• [Work item] Beginning with the line that contains "Inverse Magnetometry - Blick, Christian" and concluding with the final line of the listing below, output each line exactly, and only those lines.
───── Supplied material ─────
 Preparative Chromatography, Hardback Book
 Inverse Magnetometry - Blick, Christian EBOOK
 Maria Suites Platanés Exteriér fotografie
─────
• [Reply to the task]
 Inverse Magnetometry - Blick, Christian EBOOK
 Maria Suites Platanés Exteriér fotografie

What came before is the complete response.